(Exercise materials)

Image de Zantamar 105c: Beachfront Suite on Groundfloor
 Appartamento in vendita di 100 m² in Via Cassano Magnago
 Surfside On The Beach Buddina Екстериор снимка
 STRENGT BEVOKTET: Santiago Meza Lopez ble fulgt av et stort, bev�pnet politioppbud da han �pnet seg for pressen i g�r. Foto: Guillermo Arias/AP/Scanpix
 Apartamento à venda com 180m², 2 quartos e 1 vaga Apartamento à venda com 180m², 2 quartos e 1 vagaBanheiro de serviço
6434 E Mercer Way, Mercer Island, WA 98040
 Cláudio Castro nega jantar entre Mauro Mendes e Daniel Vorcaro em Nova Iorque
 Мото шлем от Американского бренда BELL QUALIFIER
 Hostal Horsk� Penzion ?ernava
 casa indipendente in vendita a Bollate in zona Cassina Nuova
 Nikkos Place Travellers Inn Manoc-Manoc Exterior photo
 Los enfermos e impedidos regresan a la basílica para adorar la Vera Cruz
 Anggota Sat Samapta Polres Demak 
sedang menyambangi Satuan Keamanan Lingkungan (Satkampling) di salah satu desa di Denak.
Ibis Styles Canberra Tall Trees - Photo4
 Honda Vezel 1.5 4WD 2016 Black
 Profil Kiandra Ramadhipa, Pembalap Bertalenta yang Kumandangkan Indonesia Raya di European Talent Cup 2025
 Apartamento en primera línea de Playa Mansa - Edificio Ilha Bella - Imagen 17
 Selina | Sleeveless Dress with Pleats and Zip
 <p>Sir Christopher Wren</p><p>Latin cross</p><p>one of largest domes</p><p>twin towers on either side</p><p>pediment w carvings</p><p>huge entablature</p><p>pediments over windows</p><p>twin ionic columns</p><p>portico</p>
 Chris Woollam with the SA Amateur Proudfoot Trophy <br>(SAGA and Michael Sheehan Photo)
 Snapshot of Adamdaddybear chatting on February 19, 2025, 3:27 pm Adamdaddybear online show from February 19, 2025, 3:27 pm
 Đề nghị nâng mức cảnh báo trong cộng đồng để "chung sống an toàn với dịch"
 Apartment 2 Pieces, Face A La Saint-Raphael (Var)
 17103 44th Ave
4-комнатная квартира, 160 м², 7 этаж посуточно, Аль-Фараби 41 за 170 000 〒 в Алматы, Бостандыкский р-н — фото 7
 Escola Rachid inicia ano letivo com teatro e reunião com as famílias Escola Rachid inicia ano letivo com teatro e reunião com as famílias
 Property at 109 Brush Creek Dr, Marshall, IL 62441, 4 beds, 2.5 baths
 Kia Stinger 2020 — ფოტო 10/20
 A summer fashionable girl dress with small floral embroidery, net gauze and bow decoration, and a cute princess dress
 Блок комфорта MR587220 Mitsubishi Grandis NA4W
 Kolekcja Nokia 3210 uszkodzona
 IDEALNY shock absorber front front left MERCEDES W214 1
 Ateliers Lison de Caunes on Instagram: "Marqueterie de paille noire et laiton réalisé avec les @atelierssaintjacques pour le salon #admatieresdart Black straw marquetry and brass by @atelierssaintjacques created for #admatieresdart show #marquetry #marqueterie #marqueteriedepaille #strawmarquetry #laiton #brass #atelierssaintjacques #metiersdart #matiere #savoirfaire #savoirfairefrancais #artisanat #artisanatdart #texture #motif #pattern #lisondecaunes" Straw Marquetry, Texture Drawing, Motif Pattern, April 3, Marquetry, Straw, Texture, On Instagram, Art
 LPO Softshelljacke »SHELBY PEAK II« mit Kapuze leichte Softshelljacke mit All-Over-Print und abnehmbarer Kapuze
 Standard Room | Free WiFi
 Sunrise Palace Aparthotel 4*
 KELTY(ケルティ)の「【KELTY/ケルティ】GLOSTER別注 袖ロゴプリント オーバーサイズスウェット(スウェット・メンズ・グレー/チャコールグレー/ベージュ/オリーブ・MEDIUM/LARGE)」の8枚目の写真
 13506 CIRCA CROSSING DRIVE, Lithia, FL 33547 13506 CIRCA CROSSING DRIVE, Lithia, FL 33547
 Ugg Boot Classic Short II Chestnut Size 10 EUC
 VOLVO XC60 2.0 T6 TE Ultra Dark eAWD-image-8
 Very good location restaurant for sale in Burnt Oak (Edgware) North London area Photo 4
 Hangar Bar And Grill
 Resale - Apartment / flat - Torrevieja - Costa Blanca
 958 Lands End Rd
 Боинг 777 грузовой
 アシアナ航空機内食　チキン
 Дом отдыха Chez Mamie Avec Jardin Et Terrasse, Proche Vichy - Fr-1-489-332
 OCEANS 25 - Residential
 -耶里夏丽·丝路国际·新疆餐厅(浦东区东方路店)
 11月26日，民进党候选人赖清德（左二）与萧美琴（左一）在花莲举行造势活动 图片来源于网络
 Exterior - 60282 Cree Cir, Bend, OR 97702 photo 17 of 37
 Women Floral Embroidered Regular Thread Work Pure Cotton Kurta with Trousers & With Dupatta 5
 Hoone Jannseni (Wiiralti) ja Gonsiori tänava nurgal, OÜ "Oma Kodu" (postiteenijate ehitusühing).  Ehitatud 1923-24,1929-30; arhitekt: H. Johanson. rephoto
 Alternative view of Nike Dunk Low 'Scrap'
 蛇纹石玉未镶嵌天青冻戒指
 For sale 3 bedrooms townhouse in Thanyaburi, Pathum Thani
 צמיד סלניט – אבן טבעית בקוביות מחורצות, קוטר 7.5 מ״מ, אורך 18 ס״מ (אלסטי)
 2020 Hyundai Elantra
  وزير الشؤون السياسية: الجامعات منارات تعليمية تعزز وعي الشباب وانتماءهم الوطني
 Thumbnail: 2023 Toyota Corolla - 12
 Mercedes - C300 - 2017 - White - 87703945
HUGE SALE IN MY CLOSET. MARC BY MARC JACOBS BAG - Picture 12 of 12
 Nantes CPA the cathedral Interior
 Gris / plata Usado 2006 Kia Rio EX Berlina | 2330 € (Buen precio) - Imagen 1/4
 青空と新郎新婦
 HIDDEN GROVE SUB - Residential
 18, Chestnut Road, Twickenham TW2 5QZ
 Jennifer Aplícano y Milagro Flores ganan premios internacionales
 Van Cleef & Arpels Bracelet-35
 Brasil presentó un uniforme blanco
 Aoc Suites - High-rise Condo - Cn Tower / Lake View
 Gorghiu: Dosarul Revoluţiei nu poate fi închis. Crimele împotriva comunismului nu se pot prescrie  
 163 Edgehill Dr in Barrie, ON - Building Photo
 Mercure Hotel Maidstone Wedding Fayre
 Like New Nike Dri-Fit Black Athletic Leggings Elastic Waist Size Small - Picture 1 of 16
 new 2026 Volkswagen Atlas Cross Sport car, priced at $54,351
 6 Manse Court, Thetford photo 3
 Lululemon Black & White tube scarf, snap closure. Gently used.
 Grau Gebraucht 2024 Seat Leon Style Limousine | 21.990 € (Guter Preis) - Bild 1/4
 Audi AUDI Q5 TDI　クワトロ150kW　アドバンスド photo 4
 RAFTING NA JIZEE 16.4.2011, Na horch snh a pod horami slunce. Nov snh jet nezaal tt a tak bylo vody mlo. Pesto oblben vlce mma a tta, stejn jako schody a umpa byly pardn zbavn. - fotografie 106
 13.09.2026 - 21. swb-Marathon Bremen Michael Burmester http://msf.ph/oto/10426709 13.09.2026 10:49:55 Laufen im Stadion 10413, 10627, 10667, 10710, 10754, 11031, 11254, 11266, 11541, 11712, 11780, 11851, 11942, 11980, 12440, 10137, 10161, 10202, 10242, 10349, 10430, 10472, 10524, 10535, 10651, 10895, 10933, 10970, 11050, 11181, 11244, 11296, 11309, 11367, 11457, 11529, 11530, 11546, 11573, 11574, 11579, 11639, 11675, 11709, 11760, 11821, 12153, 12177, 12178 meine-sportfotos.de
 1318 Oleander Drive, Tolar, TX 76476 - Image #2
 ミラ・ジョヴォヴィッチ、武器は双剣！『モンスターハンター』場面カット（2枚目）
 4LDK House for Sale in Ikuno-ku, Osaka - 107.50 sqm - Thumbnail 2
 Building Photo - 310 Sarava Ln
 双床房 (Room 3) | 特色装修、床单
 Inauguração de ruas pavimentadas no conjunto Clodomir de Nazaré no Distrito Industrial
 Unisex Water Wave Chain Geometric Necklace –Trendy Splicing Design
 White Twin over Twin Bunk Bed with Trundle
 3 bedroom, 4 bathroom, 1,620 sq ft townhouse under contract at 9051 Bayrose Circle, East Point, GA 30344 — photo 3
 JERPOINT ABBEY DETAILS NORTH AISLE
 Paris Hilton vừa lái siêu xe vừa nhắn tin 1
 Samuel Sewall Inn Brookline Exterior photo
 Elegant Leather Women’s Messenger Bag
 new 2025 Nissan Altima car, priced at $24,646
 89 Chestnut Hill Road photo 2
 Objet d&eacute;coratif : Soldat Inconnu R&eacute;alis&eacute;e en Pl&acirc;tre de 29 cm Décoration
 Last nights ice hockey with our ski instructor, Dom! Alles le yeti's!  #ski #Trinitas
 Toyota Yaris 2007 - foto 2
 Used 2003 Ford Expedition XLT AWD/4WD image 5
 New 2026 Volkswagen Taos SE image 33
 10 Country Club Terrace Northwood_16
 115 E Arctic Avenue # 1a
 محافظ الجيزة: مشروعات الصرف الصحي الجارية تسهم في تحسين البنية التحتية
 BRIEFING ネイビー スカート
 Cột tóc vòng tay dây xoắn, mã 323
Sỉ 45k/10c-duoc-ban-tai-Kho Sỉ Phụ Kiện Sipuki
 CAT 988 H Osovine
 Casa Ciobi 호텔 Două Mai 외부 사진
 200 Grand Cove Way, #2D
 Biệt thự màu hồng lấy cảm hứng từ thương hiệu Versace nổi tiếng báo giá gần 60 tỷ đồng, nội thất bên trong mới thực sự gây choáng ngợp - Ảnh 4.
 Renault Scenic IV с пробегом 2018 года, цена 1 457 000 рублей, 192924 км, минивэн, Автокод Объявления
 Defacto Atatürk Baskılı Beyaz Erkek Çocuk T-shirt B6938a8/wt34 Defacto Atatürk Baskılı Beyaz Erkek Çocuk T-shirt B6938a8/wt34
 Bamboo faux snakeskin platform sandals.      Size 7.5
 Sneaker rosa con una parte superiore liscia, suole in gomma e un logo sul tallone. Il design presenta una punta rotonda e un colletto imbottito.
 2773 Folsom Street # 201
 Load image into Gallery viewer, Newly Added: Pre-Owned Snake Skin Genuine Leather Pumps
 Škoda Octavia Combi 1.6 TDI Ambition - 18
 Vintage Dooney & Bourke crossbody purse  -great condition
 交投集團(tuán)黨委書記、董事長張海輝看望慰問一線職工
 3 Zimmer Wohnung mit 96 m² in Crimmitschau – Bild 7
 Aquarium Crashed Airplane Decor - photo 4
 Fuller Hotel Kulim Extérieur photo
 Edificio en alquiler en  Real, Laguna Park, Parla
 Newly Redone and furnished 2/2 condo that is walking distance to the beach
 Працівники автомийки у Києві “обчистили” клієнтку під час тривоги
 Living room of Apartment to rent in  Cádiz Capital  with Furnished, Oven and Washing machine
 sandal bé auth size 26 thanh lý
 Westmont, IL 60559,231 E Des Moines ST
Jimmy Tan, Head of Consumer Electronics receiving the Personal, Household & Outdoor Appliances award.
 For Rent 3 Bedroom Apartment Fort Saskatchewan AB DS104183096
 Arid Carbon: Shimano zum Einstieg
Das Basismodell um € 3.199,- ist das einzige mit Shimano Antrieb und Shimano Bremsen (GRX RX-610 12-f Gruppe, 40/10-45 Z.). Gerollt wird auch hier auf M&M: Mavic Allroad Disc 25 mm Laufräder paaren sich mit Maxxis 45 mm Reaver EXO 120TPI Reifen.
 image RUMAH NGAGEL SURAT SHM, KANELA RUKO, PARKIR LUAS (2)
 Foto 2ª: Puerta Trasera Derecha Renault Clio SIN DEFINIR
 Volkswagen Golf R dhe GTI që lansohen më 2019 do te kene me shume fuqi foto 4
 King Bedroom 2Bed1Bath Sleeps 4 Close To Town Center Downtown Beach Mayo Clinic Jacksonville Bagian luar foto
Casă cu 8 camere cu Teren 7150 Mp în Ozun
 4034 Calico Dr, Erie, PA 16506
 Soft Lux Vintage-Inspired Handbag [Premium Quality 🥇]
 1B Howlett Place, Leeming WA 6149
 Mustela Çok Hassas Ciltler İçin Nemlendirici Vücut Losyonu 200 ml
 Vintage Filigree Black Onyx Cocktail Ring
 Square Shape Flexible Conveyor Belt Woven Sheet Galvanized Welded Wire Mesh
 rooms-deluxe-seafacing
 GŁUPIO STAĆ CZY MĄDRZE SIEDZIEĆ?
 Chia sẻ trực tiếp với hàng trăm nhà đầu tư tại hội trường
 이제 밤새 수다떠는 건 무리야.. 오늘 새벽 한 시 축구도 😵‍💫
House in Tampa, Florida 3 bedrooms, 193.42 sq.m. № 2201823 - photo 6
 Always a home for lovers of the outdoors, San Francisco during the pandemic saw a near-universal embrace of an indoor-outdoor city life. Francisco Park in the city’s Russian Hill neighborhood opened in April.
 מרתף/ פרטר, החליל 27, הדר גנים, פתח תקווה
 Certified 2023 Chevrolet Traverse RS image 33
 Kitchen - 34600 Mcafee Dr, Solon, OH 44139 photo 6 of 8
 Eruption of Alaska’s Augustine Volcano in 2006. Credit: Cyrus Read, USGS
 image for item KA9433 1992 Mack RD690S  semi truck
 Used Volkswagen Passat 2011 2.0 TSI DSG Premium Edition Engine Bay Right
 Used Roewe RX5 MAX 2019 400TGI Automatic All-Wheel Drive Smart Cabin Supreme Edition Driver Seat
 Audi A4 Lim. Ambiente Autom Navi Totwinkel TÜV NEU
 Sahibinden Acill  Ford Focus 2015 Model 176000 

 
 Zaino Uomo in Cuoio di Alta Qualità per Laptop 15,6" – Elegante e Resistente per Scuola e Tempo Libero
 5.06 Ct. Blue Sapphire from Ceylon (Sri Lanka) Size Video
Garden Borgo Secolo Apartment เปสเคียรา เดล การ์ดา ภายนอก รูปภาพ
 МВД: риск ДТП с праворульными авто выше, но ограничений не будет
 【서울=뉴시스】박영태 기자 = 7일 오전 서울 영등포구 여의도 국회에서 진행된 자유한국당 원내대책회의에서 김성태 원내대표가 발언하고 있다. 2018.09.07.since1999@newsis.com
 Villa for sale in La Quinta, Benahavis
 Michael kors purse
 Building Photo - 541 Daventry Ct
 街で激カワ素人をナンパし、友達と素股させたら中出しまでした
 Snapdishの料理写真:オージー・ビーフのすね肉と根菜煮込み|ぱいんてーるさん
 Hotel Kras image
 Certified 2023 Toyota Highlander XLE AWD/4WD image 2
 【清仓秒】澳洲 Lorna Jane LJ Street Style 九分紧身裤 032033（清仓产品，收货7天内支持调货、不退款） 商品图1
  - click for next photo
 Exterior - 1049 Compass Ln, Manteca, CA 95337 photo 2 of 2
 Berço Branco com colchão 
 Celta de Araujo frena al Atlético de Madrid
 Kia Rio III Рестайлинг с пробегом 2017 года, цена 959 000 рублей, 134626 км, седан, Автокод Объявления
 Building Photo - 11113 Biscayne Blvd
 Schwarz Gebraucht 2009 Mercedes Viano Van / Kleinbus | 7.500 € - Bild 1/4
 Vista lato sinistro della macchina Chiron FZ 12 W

(End Exercise materials)

Goal of the exercise.
Given the data above, transcribe exactly the lines from the one containing "Apartamento en primera" down to the one containing "Selina | Sleeveless", and no others.

Task result.
 Apartamento en primera línea de Playa Mansa - Edificio Ilha Bella - Imagen 17
 Selina | Sleeveless Dress with Pleats and Zip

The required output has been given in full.